Meta notified Ireland’s Data Protection Commission at the time that cyber attackers had exploited a vulnerability in Facebook’s code that impacted the “View As” feature that lets users see what their own profile looks like to someone else.
That led to a breach in personal data including users’ full name, contact details, location, place of work, date of birth, religion, gender, and their children’s personal data, the DPC said.
“By allowing unauthorized exposure of profile information, the vulnerabilities behind this breach caused a grave risk of misuse of these types of data,” DPC Deputy Commissioner Graham Doyle said in a statement.
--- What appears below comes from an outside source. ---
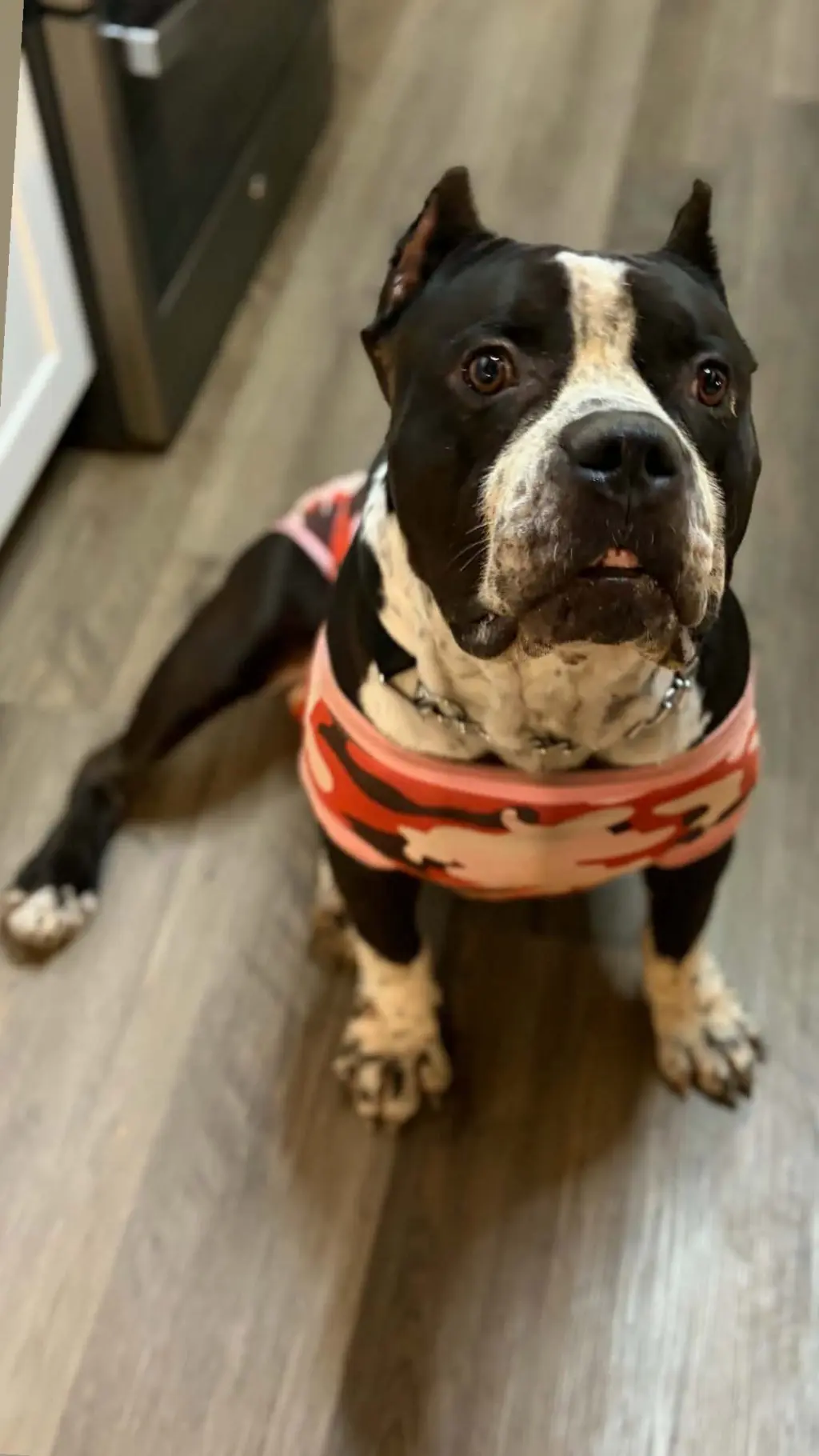 Brutus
Meta (NASDAQ: META) remedied the breach shortly after its discovery, the DPC said. Of the 29 million Facebook accounts impacted globally, about 3 million were based in the EU and European Economic Area.
The DPC is the lead EU regulator for most of the top U.S. internet firms due to the location of their EU operations in Ireland.
It has so far fined Meta almost 3 billion euros for breaches under the bloc’s General Data Protection Regulation (GDPR) introduced in 2018. This includes a record 1.2 billion euro fine in 2023, which Meta is appealing.
Meta said it will also appeal Tuesday’s decision and that it has a wide range of measures in place to protect users across its platforms.
“We took immediate action to fix the problem as soon as it was identified, and we proactively informed people impacted as well as the Irish Data Protection Commission,” a spokesperson for Meta said in a statement.